Gigi will be taking Giselle home first, and the girls’ tradition of sharing a little gift and a card will help them keep touch. Before they know it, it’ll be the 2024 conference. Looking further ahead, the girls also share exciting futures. Gigi wants to become a lawyer. Her dream school is Harvard. Livy wants to become a nurse or doctor. Her aim is rheumatology, and she’d love to attend UCLA. She’s observed many young adults of the Cure JM community go from patient to provider, and those older role models she saw at the conference are now her medical field role models. Both Livy and Gigi value getting the best education they can. As Gigi recommends it, thinking about inspiring things and what you will do in the future can be a source of hope on the hard days.

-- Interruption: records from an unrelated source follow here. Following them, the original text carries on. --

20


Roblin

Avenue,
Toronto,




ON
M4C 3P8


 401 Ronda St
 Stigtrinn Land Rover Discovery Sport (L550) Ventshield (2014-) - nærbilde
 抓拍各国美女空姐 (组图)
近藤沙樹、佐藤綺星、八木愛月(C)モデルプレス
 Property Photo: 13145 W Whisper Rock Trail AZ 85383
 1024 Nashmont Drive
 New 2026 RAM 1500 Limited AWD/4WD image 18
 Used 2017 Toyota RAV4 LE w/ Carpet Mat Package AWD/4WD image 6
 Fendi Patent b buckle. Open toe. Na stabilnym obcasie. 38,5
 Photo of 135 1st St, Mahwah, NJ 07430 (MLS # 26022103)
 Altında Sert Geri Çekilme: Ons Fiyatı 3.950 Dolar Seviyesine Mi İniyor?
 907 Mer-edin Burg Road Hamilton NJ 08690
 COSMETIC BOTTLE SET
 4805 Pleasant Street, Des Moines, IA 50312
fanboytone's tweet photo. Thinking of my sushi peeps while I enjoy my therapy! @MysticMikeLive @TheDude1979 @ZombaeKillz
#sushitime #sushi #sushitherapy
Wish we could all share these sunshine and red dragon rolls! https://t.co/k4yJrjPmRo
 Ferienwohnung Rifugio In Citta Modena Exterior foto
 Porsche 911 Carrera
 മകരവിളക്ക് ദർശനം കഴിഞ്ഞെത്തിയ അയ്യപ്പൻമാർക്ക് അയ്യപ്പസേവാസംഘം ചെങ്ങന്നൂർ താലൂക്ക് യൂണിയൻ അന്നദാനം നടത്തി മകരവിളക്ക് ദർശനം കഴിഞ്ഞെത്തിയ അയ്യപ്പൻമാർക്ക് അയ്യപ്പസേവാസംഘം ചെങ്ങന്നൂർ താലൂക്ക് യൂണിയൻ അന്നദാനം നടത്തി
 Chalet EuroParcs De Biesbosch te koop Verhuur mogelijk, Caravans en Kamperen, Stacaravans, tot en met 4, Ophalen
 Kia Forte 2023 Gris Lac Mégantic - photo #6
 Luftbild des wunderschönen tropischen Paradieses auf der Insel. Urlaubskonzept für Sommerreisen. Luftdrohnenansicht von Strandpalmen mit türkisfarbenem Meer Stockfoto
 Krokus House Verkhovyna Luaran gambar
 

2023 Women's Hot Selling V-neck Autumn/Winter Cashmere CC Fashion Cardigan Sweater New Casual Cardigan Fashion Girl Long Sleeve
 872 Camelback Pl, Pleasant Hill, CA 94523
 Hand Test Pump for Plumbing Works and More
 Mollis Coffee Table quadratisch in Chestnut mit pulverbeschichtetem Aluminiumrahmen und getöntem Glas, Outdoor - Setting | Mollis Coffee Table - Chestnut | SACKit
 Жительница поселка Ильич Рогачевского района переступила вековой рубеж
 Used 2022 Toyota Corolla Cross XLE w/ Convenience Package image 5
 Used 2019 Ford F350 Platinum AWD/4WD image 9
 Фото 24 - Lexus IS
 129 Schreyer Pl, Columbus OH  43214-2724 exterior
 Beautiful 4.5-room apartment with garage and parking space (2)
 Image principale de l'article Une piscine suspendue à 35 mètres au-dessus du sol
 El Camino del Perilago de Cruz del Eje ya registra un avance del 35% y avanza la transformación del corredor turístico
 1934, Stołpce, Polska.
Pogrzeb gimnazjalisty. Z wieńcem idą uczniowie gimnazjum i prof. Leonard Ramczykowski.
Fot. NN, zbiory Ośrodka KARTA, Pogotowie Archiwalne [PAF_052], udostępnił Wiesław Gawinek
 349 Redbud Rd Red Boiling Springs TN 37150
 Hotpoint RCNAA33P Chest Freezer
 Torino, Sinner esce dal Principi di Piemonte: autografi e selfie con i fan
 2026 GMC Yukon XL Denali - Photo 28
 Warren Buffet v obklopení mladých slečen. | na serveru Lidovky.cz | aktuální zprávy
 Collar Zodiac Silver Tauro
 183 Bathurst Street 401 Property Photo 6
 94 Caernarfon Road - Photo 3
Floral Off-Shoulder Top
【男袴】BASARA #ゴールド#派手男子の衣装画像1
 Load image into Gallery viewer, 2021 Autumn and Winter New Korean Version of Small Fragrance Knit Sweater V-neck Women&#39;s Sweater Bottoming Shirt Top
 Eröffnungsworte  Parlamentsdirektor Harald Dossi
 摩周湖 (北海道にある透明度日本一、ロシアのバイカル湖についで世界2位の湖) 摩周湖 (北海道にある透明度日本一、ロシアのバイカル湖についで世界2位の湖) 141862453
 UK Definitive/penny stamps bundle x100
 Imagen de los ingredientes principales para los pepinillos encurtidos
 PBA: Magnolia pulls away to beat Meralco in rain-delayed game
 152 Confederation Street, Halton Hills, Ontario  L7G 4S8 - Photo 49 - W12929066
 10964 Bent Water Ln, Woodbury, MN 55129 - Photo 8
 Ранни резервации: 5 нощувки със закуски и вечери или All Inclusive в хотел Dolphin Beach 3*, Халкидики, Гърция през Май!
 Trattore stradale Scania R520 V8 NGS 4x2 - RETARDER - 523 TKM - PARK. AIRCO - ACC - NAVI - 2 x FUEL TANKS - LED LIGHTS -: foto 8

They both have phones now, which means they’ll stay in touch between the conferences. Livy recalls and then anticipates, “I always talk about Gigi whenever there’s any conference. It always reminds me that, wow, I get to see Gigi in person. And my mom was saying maybe if we really stay close, we could visit each other when we’re older. She could stay in California, I could stay in DC. It’d be really cool.”
At the very least, the trading of Giselle the pineapple at next summer’s conference will guarantee they hug again soon. In the year until then, both girls have optimism and hopes about Cure JM as an organization. Livy’s hope is that we get closer to a cure. “Because of all the new technology and medicine and stuff figuring it out,” Livy explains, “I have more hope than I did when I was six.” Gigi shares Livy’s hope that we find a cure. She adds her hope that there be further support given and awareness raised. She hopes more people know about JM, and that they know more about it too. As she pointed out, that awareness brings in funding, which brings more technology, “which will bring us closer to finding a cure.”
When asked if they felt like they would have been friends without having JM in common, Gigi and Livy said yes in unison. Their two-person pocket of the Cure JM community is an inspiring testament to the culture of Cure JM and our amazing families. Our support network across regions and countries exists so no JM family or child is alone. A highlight of that support is gathering annually at the Cure JM Conference. There was so much good happening at the conference on stage, in the presentations, and around the tables. But there was also good happening in the pre-teen room where two girls sat together making matching bracelets.